Is this kinda sorta how computers work?

God help me, at first I thought you were joking about flying spaghetti monsters…

Well, like I said, computers don’t actually function that way any more. But, if you look at how a simple CISC style machine worked way back when, it’s just a simple finite state machine that goes through a loop of states. Then you realize that a modern RISC architecture, while looking quite different, is just an unrolling of that loop so that each state in the CISC version now has its own dedicated hardware in the RISC version. I think it makes it a bit more obvious as to where the various pipeline stages of a RISC come from, but that’s just my opinion.

How far back do you want to go?

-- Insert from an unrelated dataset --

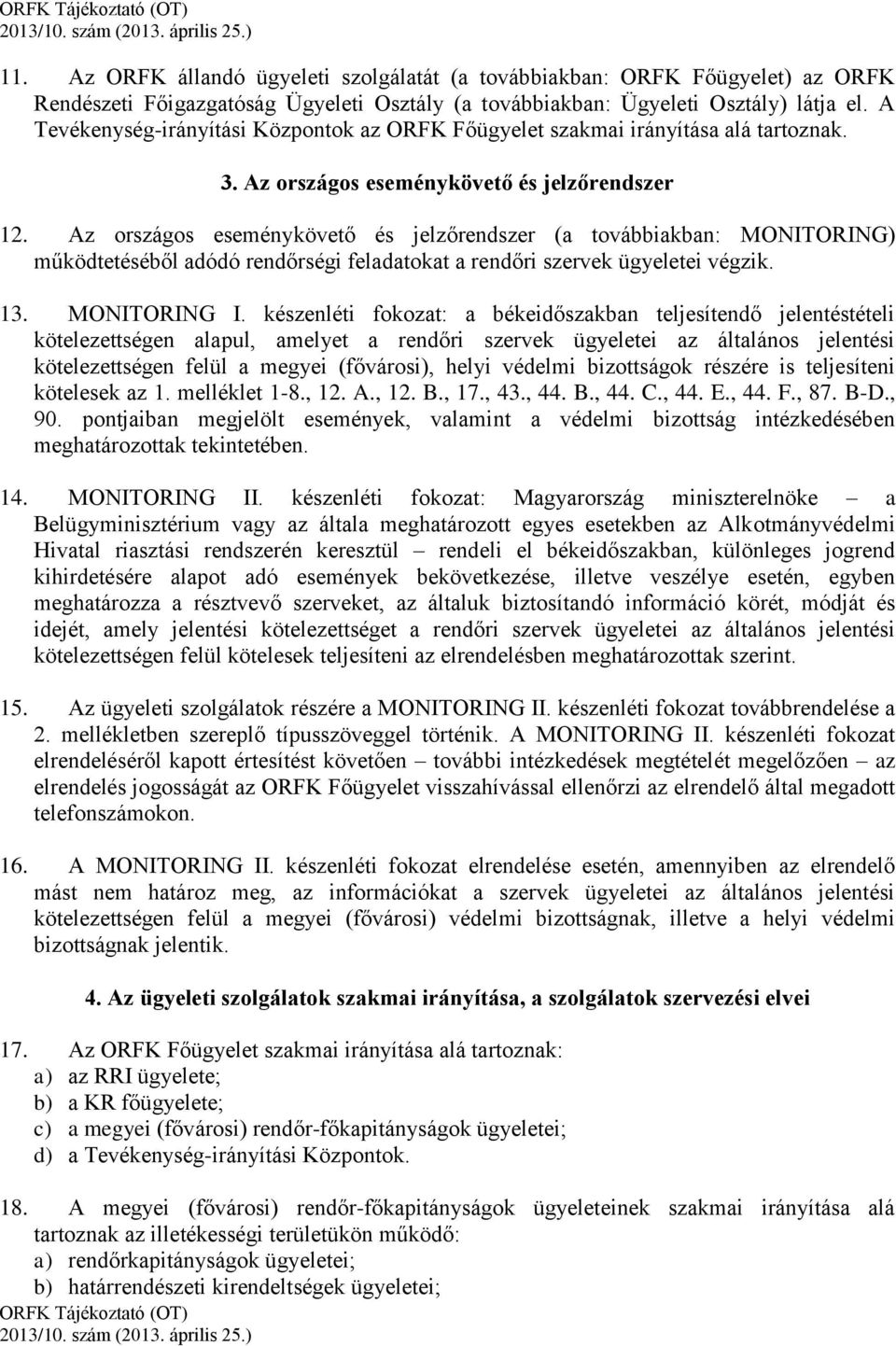 Az országos eseménykövető és jelzőrendszer (a továbbiakban: MONITORING) működtetéséből adódó rendőrségi feladatokat a rendőri szervek ügyeletei végzik. 13. MONITORING I.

I wrote a simulator for an 8086 when it came out, and I don’t think an FSM version would have been too useful.
Perhaps you are confusing architectural states, such as instruction fetch, instruction decode, instruction execution, with states in the FSM sense, which are the possible combinations of storage element values. In the latter sense, each combination of register values and program counter values represent new states, so you get an explosion even for very simple architectures.

Never thought about the overloading of the acronym. Though I have seen some spaghetti code in RTL.

To add another turtle, there was a company called Nanodata which sold a machine which allowed nanoprogramming - you constructed your microinstructions out of nano-operations, and your instructions out of microoperations.

IIRC, one of my qual questions was about the utility of picoprogramming. The correct answer was that this was a bad idea. The market said that nanoprogramming was a bad idea also.

I remember that. It was about the time I decided to get out of hardware. Programmable logic sounded great, but the speed and density of Intel and Motorola processors was making it pointless. You could prototype something that wouldn’t have been economical to produce, and a stock product could do it faster from the outset.

What was the distinction between nano and pico programming?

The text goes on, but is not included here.